Natürlich hat ein breites Propagandabündnis auch vor diesem Krieg versucht, die geplante Eroberung als „Verteidigung“ darzustellen und ist dabei von Kirchenführern und Militärpfarrern unterstützt worden. In ungeheuerlichen Verdrehungen und Verharmlosungen wurden aus getöteten Kriegern „Gefallene“, die unter dem Segen Gottes ausgezogen waren und nach seinem unausforschlichen Ratschluss nicht mehr heimkehren konnten, weil sie ihr Leben ließen im aufopferungsbereiten Dienst für das geliebte Vaterland. Wer hätte sich ansonsten freiwillig in den nackten Horror des ersten Maschinengewehr- und Gaskrieges gestürzt? Ist das aber nur Geschichte oder wirkt diese (mehrfach wiederbelebte) Propaganda bis heute in unseren Köpfen? Wie gesagt, ich akzeptiere private Soldatentrauer – öffentliche Trauerbücher und Denkmäler sehe ich aber kritischer an: Was soll hier hervorgekehrt, verdrängt oder sogar verdreht werden?

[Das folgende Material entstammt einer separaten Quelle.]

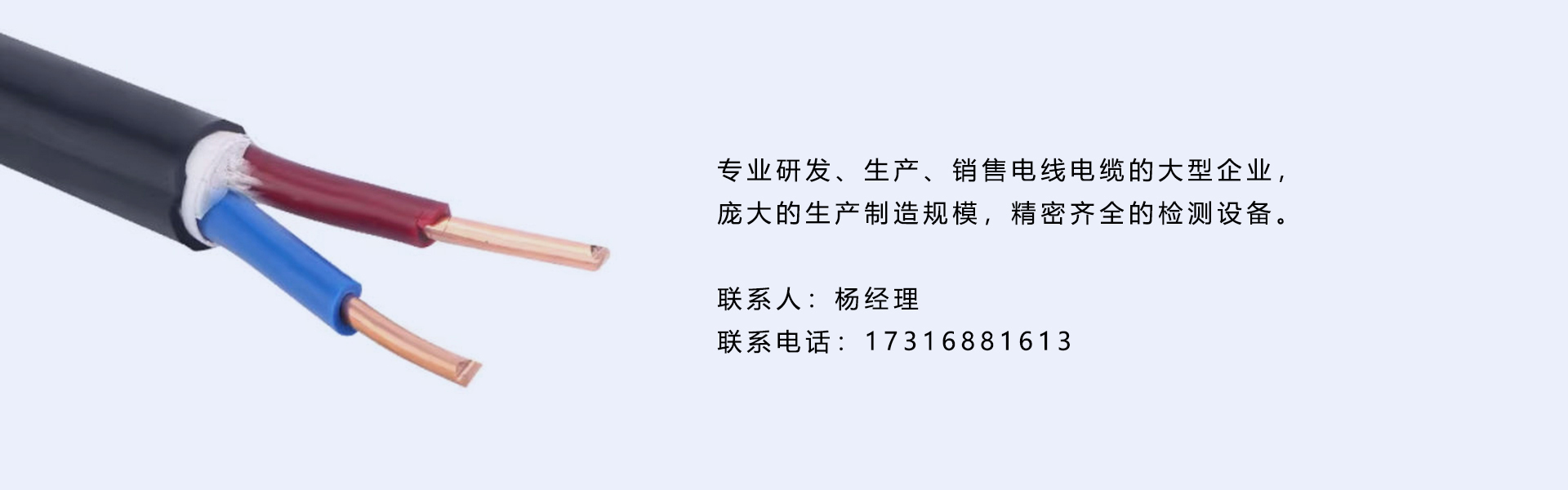 电缆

Den außerordentlichen Arbeitseinsatz der Herren Bauer und Schneider somit in allen Ehren, in dem Zeitungsbericht hätte ich mich aber über ein wenig mehr Neutralität und zumindest eine Erwähnung auch der Opfer von Soldaten gefreut. Auch Bürgermeister Temmen wird nur mit den „jungen Menschen, die ihr Leben gelassen haben“ zitiert. Ich bin sehr gespannt auf das Folgewerk zu den „Gefallenen“ des 2. Weltkriegs. Auf der Internetseite des Heckstadt-Vereins existiert bereits ein entsprechendes „Trauerbuch“. Dort werden auch historische Anzeigen abgebildet. Wenn der Tenor ihrer Formulierungen die Grundrichtung für das nächste Buch vorgeben sollte, schwant mir wenig Gutes. Unsere aktuell durch die Flüchtlingsfrage massiv herausgeforderte christliche Solidarität erweist ihre Echtheit erst in der Konfrontation mit den schuldlosen Opfern – so war es früher und gilt auch noch heute. Verdrängung war noch nie ein guter Ratgeber.